[PROBLEM TO WORK ON]
Please repeat exactly the line containing "Building Photo - Pet" and each line after it in the records below, through the last.

DATA PROVIDED START

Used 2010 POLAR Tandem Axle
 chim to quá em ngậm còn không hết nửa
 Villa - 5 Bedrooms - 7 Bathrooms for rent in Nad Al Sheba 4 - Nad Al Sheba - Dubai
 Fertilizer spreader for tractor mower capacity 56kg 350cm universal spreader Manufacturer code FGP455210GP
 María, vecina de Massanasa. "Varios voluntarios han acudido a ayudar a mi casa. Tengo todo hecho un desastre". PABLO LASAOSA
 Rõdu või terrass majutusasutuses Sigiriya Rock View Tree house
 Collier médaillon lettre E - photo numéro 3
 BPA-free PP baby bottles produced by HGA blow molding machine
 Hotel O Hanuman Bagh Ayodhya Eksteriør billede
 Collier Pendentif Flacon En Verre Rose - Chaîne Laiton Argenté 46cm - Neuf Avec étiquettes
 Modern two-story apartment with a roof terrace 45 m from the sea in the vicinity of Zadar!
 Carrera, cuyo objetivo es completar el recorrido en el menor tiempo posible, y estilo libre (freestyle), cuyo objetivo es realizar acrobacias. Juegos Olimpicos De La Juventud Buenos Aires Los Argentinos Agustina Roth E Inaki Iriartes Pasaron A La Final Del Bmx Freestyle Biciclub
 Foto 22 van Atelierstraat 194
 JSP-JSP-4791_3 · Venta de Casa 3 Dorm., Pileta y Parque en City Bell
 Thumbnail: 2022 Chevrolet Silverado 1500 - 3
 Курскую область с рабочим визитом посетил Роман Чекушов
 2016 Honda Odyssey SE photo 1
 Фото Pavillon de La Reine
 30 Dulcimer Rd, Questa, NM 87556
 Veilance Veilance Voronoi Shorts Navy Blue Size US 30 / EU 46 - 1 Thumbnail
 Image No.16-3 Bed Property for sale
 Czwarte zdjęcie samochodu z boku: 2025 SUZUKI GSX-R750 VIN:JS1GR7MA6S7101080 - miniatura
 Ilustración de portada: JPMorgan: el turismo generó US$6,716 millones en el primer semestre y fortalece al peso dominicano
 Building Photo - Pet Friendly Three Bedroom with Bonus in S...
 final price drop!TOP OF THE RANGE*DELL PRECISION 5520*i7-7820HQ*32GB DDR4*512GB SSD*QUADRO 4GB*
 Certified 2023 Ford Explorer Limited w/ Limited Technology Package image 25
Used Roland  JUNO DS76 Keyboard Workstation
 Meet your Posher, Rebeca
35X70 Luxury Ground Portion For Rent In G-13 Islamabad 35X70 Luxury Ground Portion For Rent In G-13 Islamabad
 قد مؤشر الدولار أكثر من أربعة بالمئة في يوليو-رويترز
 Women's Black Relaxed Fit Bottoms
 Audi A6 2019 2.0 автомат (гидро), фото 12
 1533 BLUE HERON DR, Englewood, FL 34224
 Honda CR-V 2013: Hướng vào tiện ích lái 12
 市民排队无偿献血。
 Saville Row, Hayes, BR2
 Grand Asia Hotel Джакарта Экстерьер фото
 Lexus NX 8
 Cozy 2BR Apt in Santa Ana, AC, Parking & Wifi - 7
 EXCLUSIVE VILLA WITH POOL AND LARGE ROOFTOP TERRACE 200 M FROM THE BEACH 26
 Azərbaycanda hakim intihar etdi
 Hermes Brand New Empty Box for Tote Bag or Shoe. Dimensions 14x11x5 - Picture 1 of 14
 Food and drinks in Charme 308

DATA PROVIDED END

[TASK RESPONSE]
 Building Photo - Pet Friendly Three Bedroom with Bonus in S...
 final price drop!TOP OF THE RANGE*DELL PRECISION 5520*i7-7820HQ*32GB DDR4*512GB SSD*QUADRO 4GB*
 Certified 2023 Ford Explorer Limited w/ Limited Technology Package image 25
Used Roland  JUNO DS76 Keyboard Workstation
 Meet your Posher, Rebeca
35X70 Luxury Ground Portion For Rent In G-13 Islamabad 35X70 Luxury Ground Portion For Rent In G-13 Islamabad
 قد مؤشر الدولار أكثر من أربعة بالمئة في يوليو-رويترز
 Women's Black Relaxed Fit Bottoms
 Audi A6 2019 2.0 автомат (гидро), фото 12
 1533 BLUE HERON DR, Englewood, FL 34224
 Honda CR-V 2013: Hướng vào tiện ích lái 12
 市民排队无偿献血。
 Saville Row, Hayes, BR2
 Grand Asia Hotel Джакарта Экстерьер фото
 Lexus NX 8
 Cozy 2BR Apt in Santa Ana, AC, Parking & Wifi - 7
 EXCLUSIVE VILLA WITH POOL AND LARGE ROOFTOP TERRACE 200 M FROM THE BEACH 26
 Azərbaycanda hakim intihar etdi
 Hermes Brand New Empty Box for Tote Bag or Shoe. Dimensions 14x11x5 - Picture 1 of 14
 Food and drinks in Charme 308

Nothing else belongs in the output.